_EXCERPTED DATA_
———

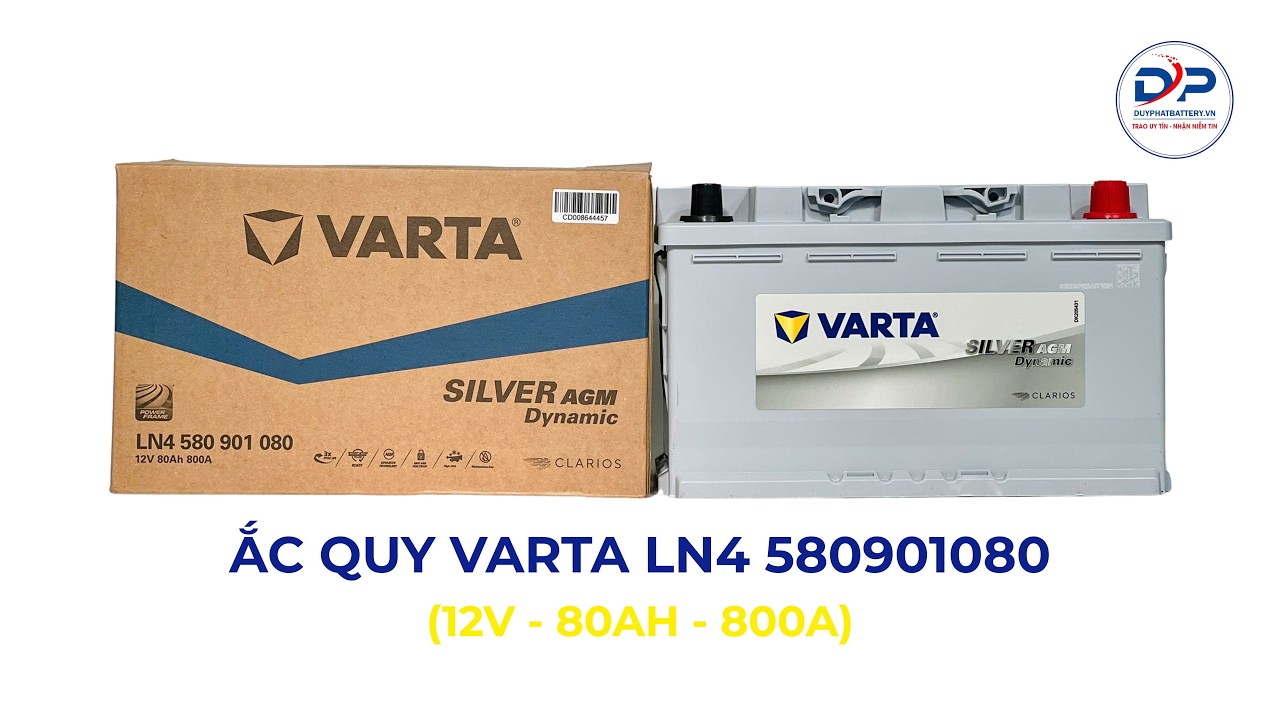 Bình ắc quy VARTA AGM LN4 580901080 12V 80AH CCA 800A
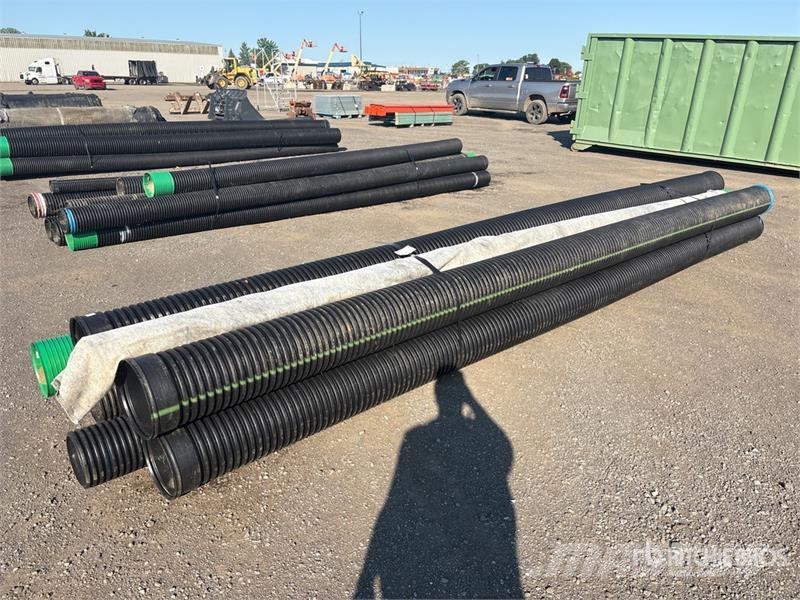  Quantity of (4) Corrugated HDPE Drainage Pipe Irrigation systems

———

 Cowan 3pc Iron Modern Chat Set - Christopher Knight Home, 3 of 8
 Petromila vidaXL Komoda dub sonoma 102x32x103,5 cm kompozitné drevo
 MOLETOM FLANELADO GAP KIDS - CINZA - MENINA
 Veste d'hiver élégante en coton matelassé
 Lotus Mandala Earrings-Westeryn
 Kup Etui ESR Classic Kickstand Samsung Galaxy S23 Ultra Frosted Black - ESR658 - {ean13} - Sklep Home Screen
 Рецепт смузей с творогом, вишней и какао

———

Every line holding the word "Home" should be copied out of the records above.

_OUTPUT OF THE EXERCISE_
 Cowan 3pc Iron Modern Chat Set - Christopher Knight Home, 3 of 8
 Kup Etui ESR Classic Kickstand Samsung Galaxy S23 Ultra Frosted Black - ESR658 - {ean13} - Sklep Home Screen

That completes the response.